EFFECTIVE IN 1921-22

NO WRITER ATTRIBUTED

A change in the usual admission requirements to Dartmouth College was voted at a recent meeting of the faculty. Beginning with the year 1921-22, any student from an approved school, graduating with an average in scholarship for the four years of his school course which places him in the first quarter of his class, and offering three units of English and one-half unit of mathematics among his list of subjects, may be admitted to the college without conditions.

Pres. Hopkins' Statement.

President Ernest N. Hopkins has explained this vote as follows:

"The requirements for entrance to the American college have long been subject to criticism as so mechanical and formal as in many cases to exclude the men with capacity for superior intellectual accomplishment, while admitting the men of less potential ability but with a record of more precise conformity to technical routine.

"The natural results of such procedure have been that the men who late in his preliminary school course has acquired ambition for a college education, and who unquestionably would have been able to do work of distinctive merit in college, has found admission to the college of his choice disproportionately difficult, if not impossible.

Responsibility is College's.

"It is recognized that there is a constant demand upon the American college to improve the intellectual quality of its accomplishment, but responsibility for meeting it cannot well be transferred to the already heavy burden which rests upon secondary or preparatory schools of the country. This responsibility logically rests upon the college through, securing increased effectiveness in its own work, and this responsibility Dartmouth stands ready to assume.

"The evidence in hand indicates that in the great majority of cases the man who shows marked ability in his school work preparatory to college demonstrates like ability in his college work. It is to such men in approved schools that Dartmouth would offer a simplified procedure for qualifying for entrance to the college. It is this group, further, that Dartmouth would definitely assure admission under circumstances in which, of necessity, the college can admit but a decreasing proportion of those who apply for enrolment in its student body.

Opportunity for Qualified Men.

"The policy does not permit the graduation of a man from college lacking any of the requirements before held to in the combination of preparatory school work and college course, but its does offer to the qualified men who offer the required quantity of work that the exact prerequisites which may be lacking will be compensated for in the opportunity of the undergraduate work.

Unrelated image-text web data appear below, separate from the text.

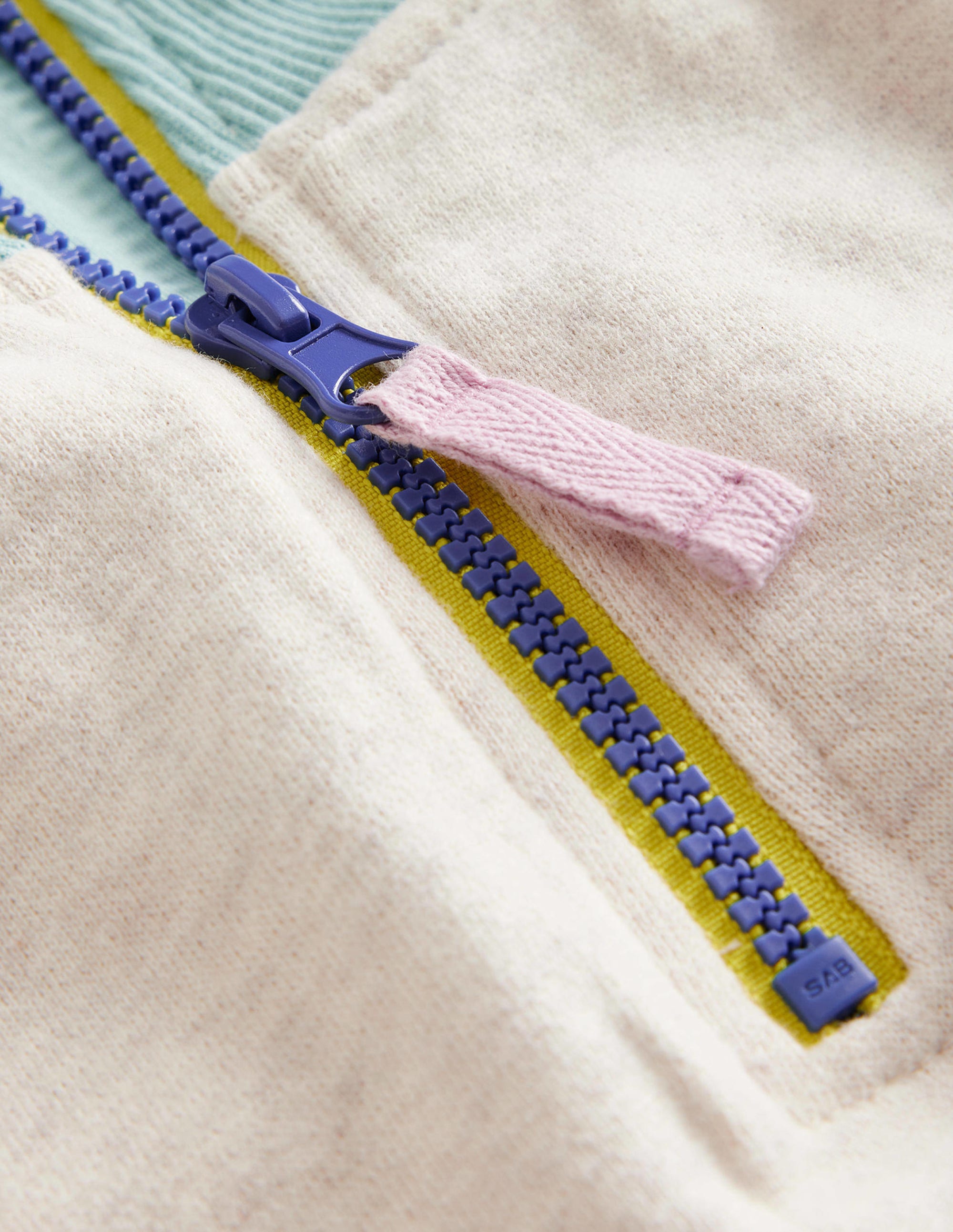 Sweater mit halbem Reißverschluss in Blockfarben-Haferbeige meliert Blockfarben - Image 3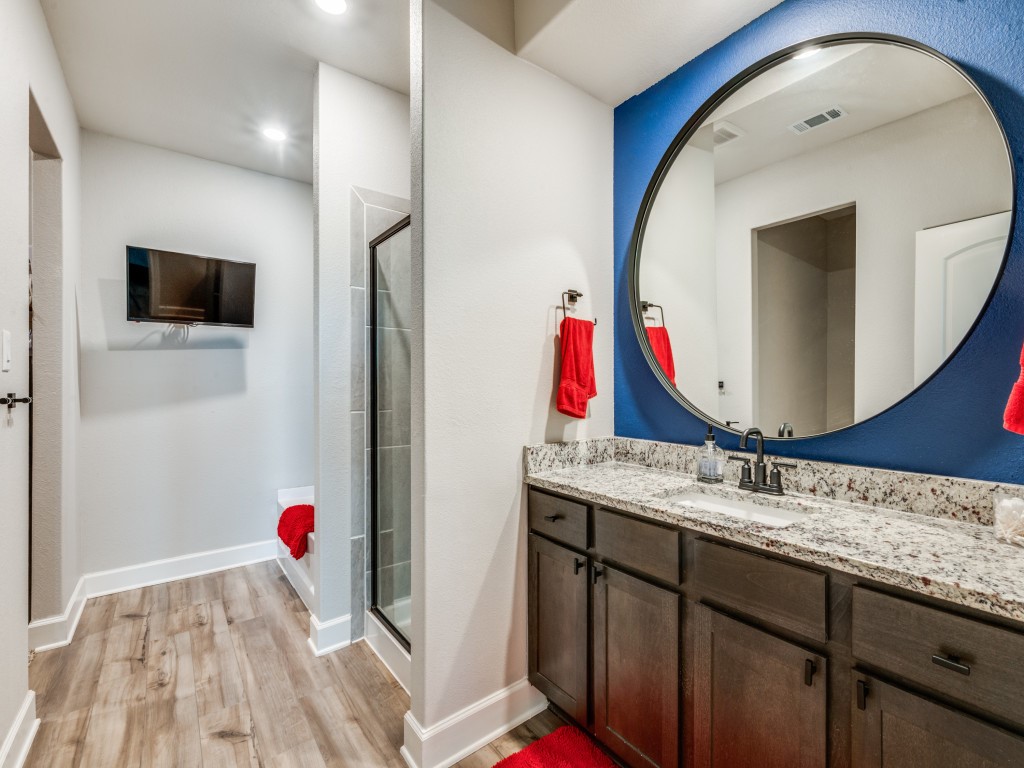 200 Ridgeland Oaks Drive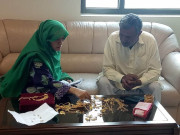 لاہور ایئرپورٹ پر ملازمہ کی دیانت داری 40 لاکھ روپے کے گمشدہ زیورات مالک کو لوٹا دیے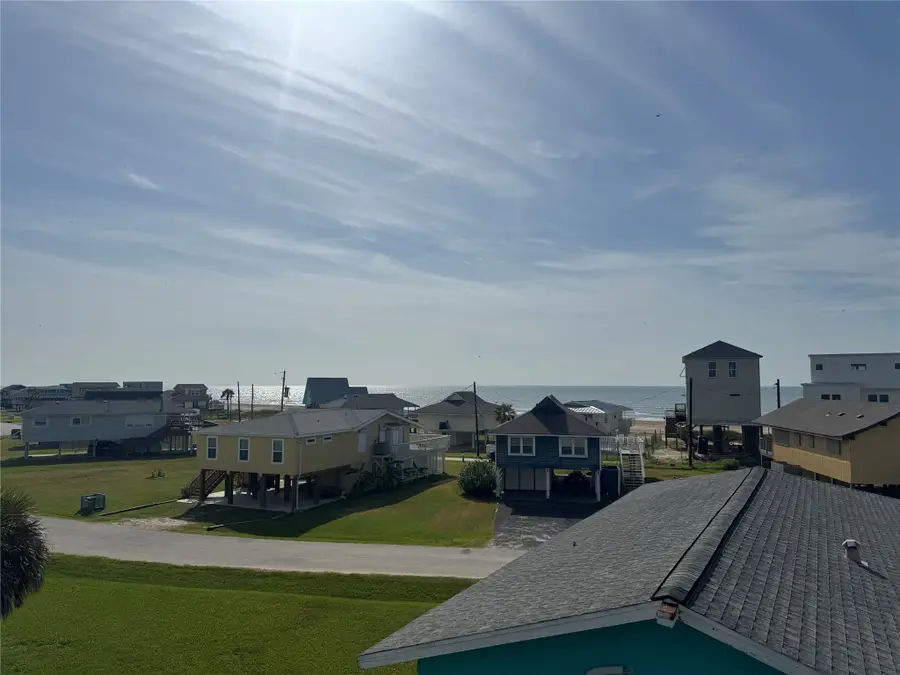 16716 Jamaica Beach Road, Jamaica Beach, TX 77554 - Image #2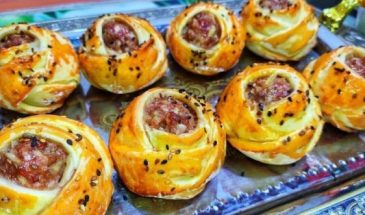 Пышные булочки с мясом в духовке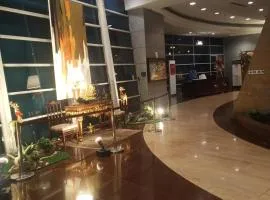 MANILA BAY EXECUTIVE SUITE pearl of orient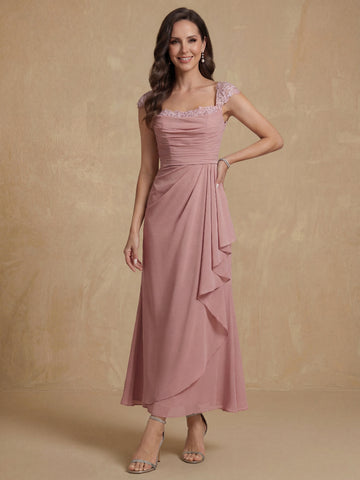 Sheath/Column Square Neck Sleeveless Mother of the Bride Dresses with Appliques
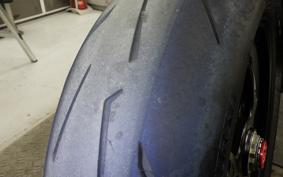 DUCATI STREETFIGHTER V4 S 2025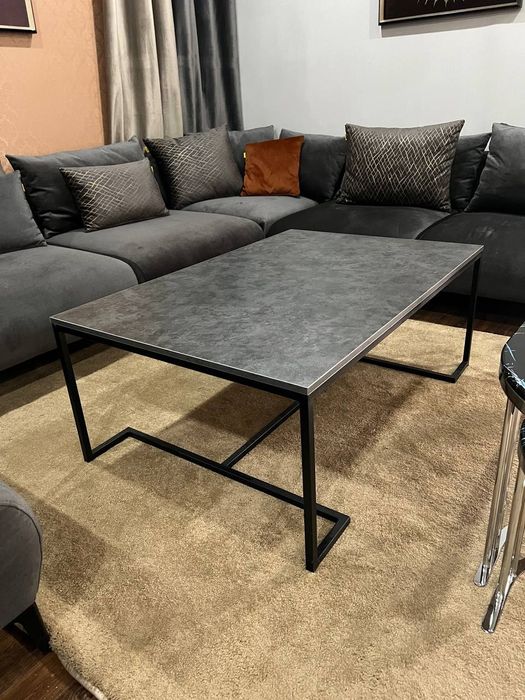 Loftdan divan, parta, jurnalniy stol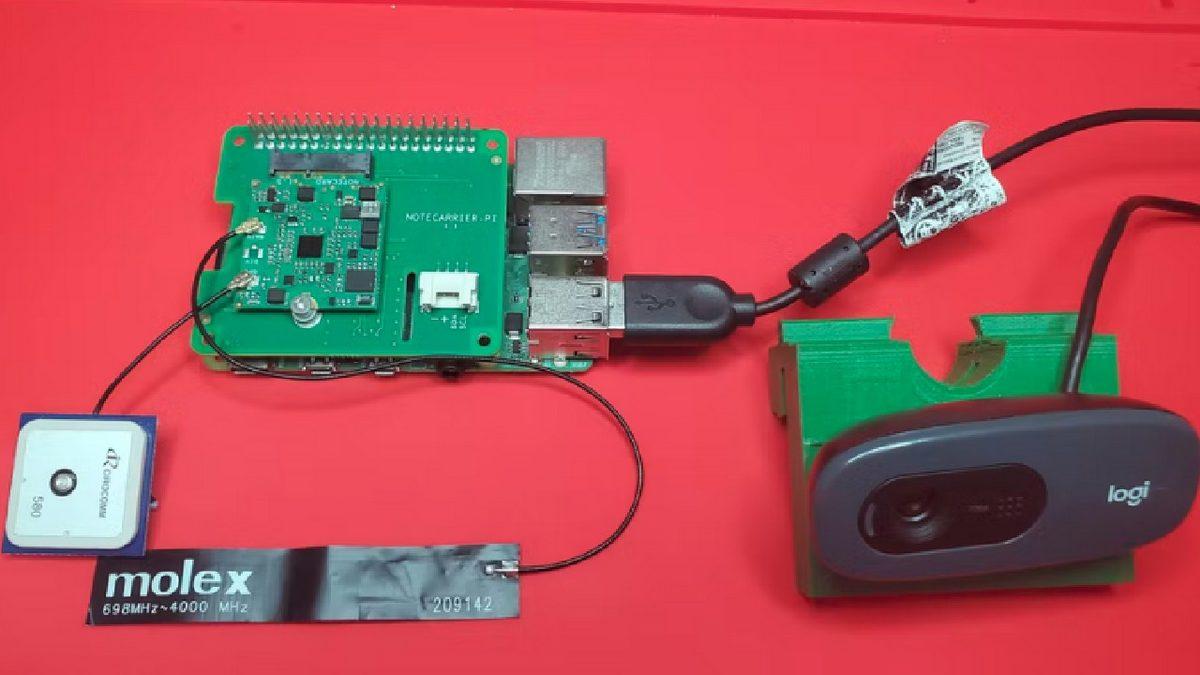 Sokaktaki Çöpleri Tek Tek Tespit Edip Haritada Gösteren Yapay Zeka Geliştirildi: Hem de Basit Bir Webcam ile… [Video]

In other words, the college will assume responsibility for the quantity and scope of the candidate's preparatory work so long as the quality of this work is guaranteed:

"1--In that the man shall come from a school of properly certified grade.

"2--In that he shall have qualified for graduation from that school after a full four-years' course.

"3--In that he shall have consistently ranked in the first quarter of his class.

"For men of such proved ability at the time of entrance only the minimum of specific prerequisites is to be required."